* [TASK] In the material below, find the line containing "surrealism dream nature" and the line containing "Christian Dior Trotter", then reproduce exactly both of them and every line between, and nothing else.

+===+

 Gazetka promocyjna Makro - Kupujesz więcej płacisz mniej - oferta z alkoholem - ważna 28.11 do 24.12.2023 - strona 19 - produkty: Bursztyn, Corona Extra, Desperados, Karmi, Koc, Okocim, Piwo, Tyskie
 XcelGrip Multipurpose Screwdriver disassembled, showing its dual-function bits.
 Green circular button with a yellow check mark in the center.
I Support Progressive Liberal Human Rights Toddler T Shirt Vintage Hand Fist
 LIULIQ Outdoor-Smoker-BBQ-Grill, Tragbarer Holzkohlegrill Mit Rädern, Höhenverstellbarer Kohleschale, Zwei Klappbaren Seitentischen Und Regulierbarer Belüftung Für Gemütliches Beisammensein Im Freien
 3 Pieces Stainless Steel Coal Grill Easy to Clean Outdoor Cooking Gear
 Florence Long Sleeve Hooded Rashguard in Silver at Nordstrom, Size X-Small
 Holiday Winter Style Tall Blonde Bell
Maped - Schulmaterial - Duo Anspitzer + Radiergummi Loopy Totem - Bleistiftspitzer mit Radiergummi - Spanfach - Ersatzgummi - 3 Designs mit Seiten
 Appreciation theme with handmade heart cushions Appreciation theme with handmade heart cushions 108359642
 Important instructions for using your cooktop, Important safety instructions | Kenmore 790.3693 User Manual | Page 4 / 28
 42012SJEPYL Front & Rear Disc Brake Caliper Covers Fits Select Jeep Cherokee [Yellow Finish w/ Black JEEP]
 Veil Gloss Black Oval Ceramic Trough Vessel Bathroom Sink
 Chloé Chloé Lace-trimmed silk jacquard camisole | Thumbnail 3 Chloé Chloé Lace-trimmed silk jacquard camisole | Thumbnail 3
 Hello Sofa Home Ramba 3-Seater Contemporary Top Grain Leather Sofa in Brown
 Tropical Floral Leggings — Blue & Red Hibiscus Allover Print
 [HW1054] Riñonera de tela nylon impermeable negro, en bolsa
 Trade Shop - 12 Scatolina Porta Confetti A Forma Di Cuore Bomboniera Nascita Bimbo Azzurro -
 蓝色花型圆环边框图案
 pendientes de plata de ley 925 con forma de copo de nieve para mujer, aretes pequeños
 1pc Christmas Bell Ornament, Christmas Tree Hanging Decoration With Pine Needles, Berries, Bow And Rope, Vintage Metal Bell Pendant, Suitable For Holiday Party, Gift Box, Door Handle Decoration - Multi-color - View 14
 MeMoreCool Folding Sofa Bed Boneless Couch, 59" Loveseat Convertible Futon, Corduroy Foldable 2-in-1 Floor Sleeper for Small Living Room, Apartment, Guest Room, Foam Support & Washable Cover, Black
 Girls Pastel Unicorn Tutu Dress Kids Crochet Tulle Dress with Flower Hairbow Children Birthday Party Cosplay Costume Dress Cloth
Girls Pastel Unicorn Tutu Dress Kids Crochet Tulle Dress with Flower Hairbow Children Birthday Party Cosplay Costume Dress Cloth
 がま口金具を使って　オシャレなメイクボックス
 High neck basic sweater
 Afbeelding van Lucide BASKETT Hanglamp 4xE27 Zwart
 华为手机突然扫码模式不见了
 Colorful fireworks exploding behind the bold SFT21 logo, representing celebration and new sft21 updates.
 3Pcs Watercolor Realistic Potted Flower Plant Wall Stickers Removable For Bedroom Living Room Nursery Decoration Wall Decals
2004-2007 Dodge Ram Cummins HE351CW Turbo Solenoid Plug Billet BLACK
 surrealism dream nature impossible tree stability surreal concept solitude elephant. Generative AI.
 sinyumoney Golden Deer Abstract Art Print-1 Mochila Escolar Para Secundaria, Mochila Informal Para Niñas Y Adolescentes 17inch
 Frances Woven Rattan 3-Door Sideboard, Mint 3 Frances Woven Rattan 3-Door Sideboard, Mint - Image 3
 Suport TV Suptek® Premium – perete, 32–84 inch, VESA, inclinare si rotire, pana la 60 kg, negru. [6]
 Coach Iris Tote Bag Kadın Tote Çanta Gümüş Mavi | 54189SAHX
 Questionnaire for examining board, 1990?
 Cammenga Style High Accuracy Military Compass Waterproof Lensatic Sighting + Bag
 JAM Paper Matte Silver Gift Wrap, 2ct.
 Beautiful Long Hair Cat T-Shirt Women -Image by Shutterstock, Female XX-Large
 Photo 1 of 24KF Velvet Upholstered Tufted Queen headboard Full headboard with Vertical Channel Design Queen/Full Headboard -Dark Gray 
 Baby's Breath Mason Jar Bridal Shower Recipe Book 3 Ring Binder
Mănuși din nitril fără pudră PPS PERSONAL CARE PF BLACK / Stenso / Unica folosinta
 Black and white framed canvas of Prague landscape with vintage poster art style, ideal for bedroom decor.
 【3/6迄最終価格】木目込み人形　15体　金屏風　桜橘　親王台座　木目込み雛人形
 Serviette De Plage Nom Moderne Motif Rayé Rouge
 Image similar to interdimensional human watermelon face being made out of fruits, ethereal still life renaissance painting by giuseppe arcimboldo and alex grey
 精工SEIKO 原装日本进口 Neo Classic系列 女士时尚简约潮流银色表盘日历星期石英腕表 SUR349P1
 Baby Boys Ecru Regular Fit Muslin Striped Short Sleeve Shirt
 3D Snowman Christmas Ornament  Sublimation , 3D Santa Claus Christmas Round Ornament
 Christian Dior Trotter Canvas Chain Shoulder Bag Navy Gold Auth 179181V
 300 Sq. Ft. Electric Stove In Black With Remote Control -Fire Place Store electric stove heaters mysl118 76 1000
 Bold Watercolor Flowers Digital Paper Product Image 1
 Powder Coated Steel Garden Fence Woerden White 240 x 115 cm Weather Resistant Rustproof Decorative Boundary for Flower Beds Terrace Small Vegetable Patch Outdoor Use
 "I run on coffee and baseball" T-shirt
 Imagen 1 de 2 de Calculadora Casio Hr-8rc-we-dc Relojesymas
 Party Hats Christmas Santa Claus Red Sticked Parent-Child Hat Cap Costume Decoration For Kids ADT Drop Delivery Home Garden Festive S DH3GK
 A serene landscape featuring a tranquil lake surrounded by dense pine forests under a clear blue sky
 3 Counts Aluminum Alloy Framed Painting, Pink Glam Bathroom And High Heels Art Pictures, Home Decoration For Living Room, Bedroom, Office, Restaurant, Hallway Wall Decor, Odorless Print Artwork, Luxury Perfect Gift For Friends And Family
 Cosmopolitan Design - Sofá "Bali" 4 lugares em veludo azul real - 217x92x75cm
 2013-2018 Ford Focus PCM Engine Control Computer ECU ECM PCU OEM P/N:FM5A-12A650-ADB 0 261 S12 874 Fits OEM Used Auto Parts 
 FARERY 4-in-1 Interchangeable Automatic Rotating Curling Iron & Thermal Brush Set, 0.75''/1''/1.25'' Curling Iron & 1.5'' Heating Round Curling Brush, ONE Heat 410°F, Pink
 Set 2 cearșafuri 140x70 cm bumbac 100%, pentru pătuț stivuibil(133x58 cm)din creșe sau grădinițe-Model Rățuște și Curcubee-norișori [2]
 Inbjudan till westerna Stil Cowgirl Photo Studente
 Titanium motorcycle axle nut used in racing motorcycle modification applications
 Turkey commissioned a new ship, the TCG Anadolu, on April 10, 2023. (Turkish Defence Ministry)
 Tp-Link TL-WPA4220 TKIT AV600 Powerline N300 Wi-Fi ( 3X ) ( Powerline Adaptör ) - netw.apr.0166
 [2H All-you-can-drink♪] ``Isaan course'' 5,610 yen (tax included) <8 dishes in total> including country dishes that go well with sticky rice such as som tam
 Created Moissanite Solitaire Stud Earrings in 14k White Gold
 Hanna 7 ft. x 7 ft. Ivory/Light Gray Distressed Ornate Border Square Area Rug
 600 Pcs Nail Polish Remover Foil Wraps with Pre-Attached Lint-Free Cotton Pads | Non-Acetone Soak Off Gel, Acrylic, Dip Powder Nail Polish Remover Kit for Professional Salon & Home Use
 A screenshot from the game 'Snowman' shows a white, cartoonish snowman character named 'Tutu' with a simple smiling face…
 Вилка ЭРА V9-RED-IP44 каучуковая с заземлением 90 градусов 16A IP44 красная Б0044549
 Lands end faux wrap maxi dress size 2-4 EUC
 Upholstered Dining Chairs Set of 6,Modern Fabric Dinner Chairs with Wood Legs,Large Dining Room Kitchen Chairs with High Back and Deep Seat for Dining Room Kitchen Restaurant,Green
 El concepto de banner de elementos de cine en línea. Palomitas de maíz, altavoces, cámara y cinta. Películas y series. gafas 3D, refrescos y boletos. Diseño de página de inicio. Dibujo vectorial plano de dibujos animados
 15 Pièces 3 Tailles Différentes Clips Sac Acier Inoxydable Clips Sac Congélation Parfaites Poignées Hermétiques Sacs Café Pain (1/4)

+===+

* [WRITTEN RESPONSE]
 surrealism dream nature impossible tree stability surreal concept solitude elephant. Generative AI.
 sinyumoney Golden Deer Abstract Art Print-1 Mochila Escolar Para Secundaria, Mochila Informal Para Niñas Y Adolescentes 17inch
 Frances Woven Rattan 3-Door Sideboard, Mint 3 Frances Woven Rattan 3-Door Sideboard, Mint - Image 3
 Suport TV Suptek® Premium – perete, 32–84 inch, VESA, inclinare si rotire, pana la 60 kg, negru. [6]
 Coach Iris Tote Bag Kadın Tote Çanta Gümüş Mavi | 54189SAHX
 Questionnaire for examining board, 1990?
 Cammenga Style High Accuracy Military Compass Waterproof Lensatic Sighting + Bag
 JAM Paper Matte Silver Gift Wrap, 2ct.
 Beautiful Long Hair Cat T-Shirt Women -Image by Shutterstock, Female XX-Large
 Photo 1 of 24KF Velvet Upholstered Tufted Queen headboard Full headboard with Vertical Channel Design Queen/Full Headboard -Dark Gray 
 Baby's Breath Mason Jar Bridal Shower Recipe Book 3 Ring Binder
Mănuși din nitril fără pudră PPS PERSONAL CARE PF BLACK / Stenso / Unica folosinta
 Black and white framed canvas of Prague landscape with vintage poster art style, ideal for bedroom decor.
 【3/6迄最終価格】木目込み人形　15体　金屏風　桜橘　親王台座　木目込み雛人形
 Serviette De Plage Nom Moderne Motif Rayé Rouge
 Image similar to interdimensional human watermelon face being made out of fruits, ethereal still life renaissance painting by giuseppe arcimboldo and alex grey
 精工SEIKO 原装日本进口 Neo Classic系列 女士时尚简约潮流银色表盘日历星期石英腕表 SUR349P1
 Baby Boys Ecru Regular Fit Muslin Striped Short Sleeve Shirt
 3D Snowman Christmas Ornament  Sublimation , 3D Santa Claus Christmas Round Ornament
 Christian Dior Trotter Canvas Chain Shoulder Bag Navy Gold Auth 179181V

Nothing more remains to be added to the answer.